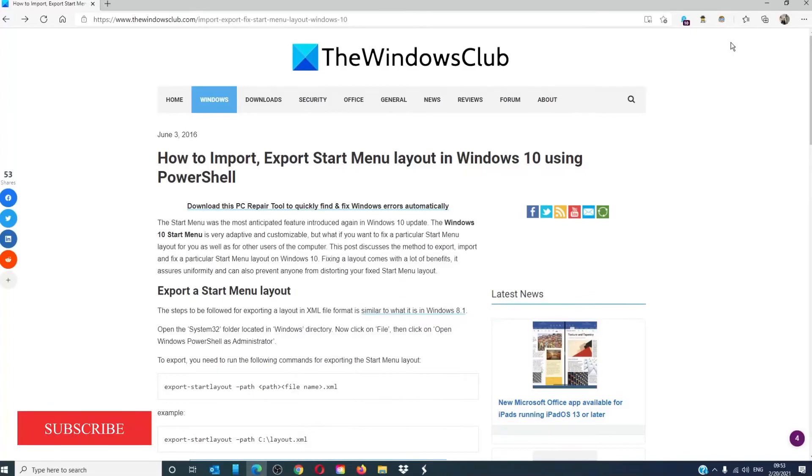For more helpful articles to help you maximize your Windows experience, go to our website, thewindowsclub.com.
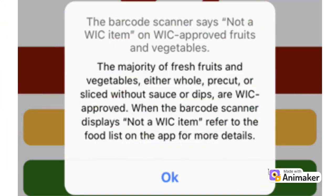The scan function may not work for produce, so refer to the food list to make sure your fresh fruits and vegetables will be approved. You can also check the fruit and vegetable dollar value left on your card under My Benefits.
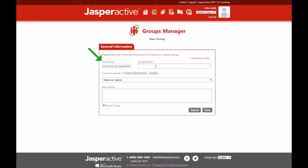Don't fill in the group key field. A group key will be automatically generated once your group is created. The group key is the code that will link students to your group and allow them access to the courses.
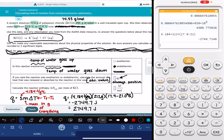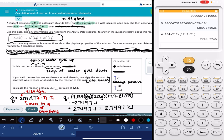Alex wants this answer in units of kilojoules, not joules. So dividing by 1,000 gives 2.7497 kilojoules. Alex also specifies two significant digits, so the answer is 2.7 kilojoules — always positive.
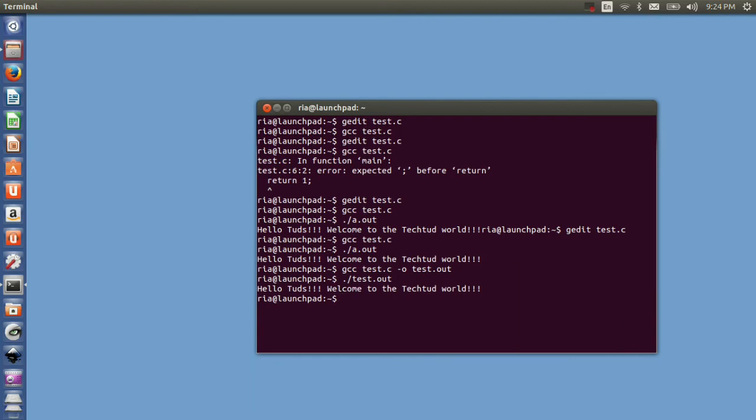I think the procedure to compile and execute your program using gcc is clear to you. If you have any doubt you can ask in our doubt section. Thank you for watching.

══════

▶ **Work required**: Every record is to be repeated exactly, and no picture is carried over.

▶ **Solution to this problem**:
For more helpful articles to help you maximize your Windows experience, go to our website, thewindowsclub.com.
The scan function may not work for produce, so refer to the food list to make sure your fresh fruits and vegetables will be approved. You can also check the fruit and vegetable dollar value left on your card under My Benefits.
Don't fill in the group key field. A group key will be automatically generated once your group is created. The group key is the code that will link students to your group and allow them access to the courses.
Alex wants this answer in units of kilojoules, not joules. So dividing by 1,000 gives 2.7497 kilojoules. Alex also specifies two significant digits, so the answer is 2.7 kilojoules — always positive.
I think the procedure to compile and execute your program using gcc is clear to you. If you have any doubt you can ask in our doubt section. Thank you for watching.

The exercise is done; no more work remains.